# ABOUT THIS EXERCISE
From the line containing "A2 Holstein herd." through the end of the entries, please repeat every line exactly and nothing more; the pictures do not belong in the copy.
== WORKING DATA ==
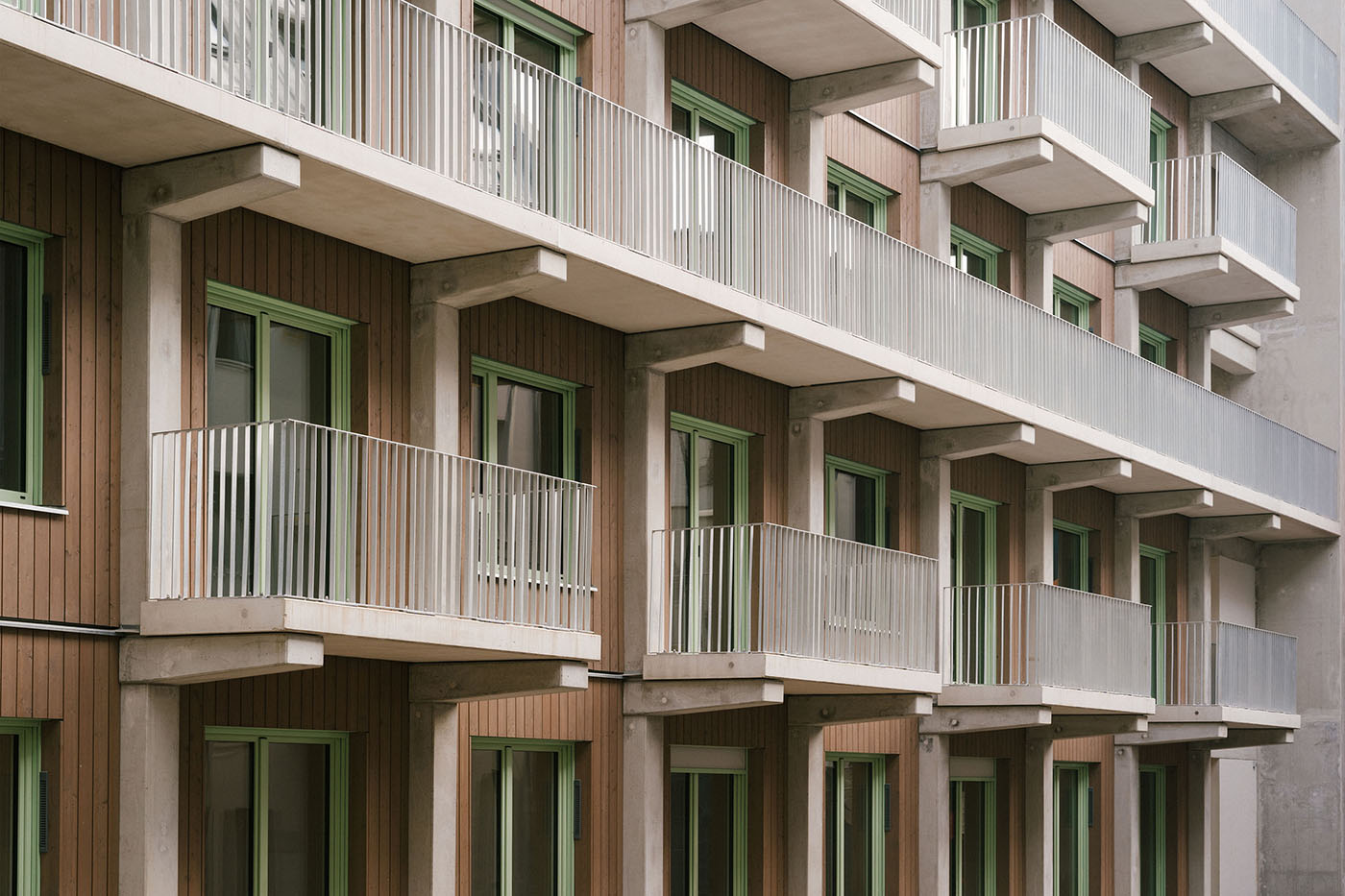 Wohngebäude mit Holzfassade, quadratischen Fenstern mit grünen Fensterrahmen und weißen Balkons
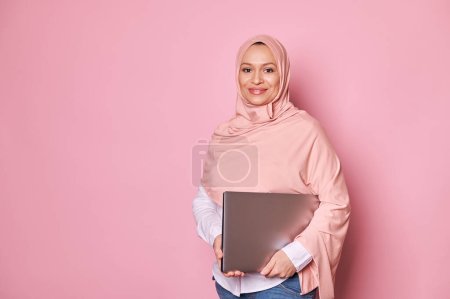 Confident successful beautiful Arab Muslim female manager, business lady, entrepreneur, working pregnant woman in pink hijab, holding laptop, smiling cutely looking at camera, isolated pink background
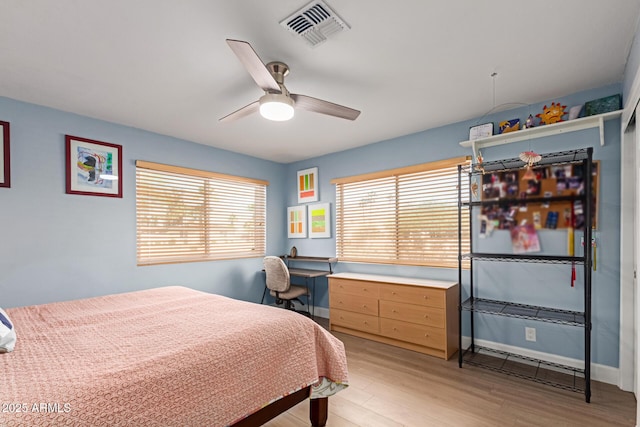 6532 E Aster Dr, Scottsdale, AZ 85254 - bedroom featuring light wood-style flooring, a desk, ceiling fan, and baseboards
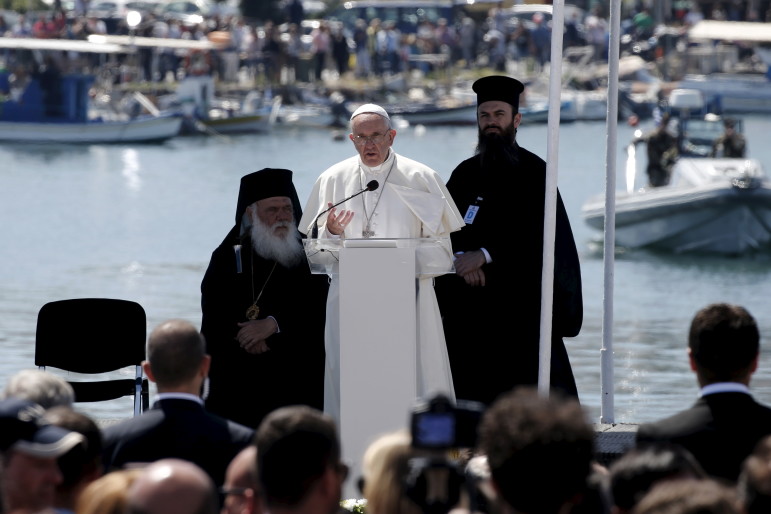 Pope Francis delivers his address at the port of Mytilene during his visit on Greek Island of Lesbos aiming at supporting refugees and drawing attention to the front line of Europe's migration crisis in Lesbos, April 16, 2016. Photo courtesy REUTERS/Alkis Konstantinidis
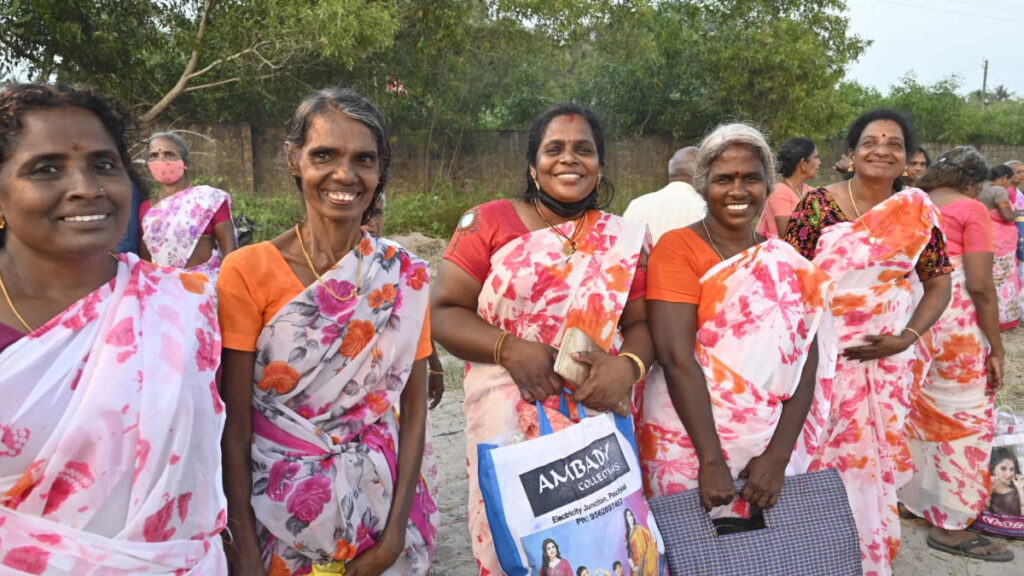 Women wear matching saris they received from last distribution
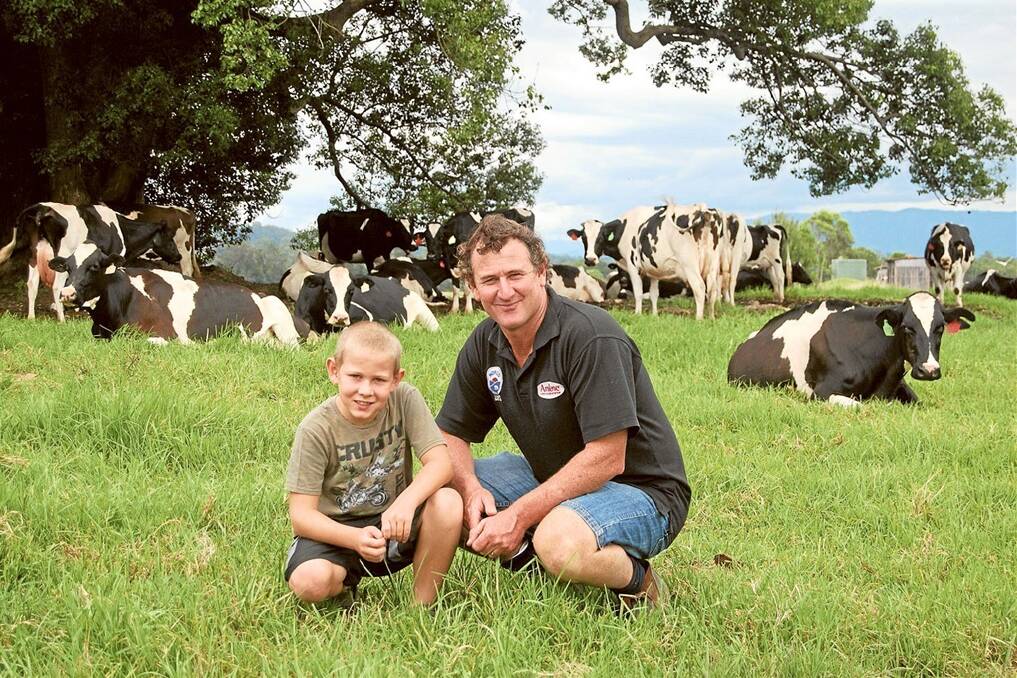 Mark Perry  with his son Josh and some of the family’s A2 Holstein herd.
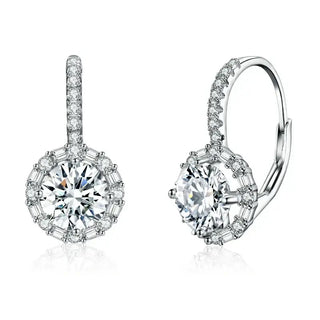 Moissanite hoop earrings in silver featuring brilliant round stones and zircon accents, perfect for elegant accessorizing.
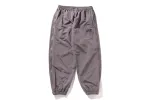 COLOR CAMO DEFORMATION LOOSE FIT TRACK PANTS sold by Bape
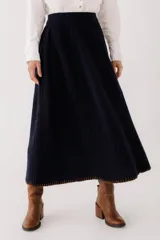 Falda midi tejida color azul marino, de corte acampanado y cintura alta. Presenta detalle de pespunte marrón en el ruedo.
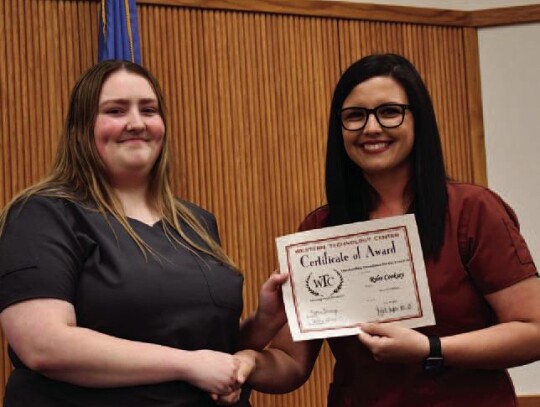 Rylee Cooksey, Elk City High School and WTC-Sayre Health Careers student earned a Perfect Attendance for the Year Award. Health Careers Instructor, Kylee Chapman is presenting Rylee her award.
===
# EXPECTED ANSWER
 Mark Perry  with his son Josh and some of the family’s A2 Holstein herd.
 Moissanite hoop earrings in silver featuring brilliant round stones and zircon accents, perfect for elegant accessorizing.
 COLOR CAMO DEFORMATION LOOSE FIT TRACK PANTS sold by Bape
 Falda midi tejida color azul marino, de corte acampanado y cintura alta. Presenta detalle de pespunte marrón en el ruedo.
 Rylee Cooksey, Elk City High School and WTC-Sayre Health Careers student earned a Perfect Attendance for the Year Award. Health Careers Instructor, Kylee Chapman is presenting Rylee her award.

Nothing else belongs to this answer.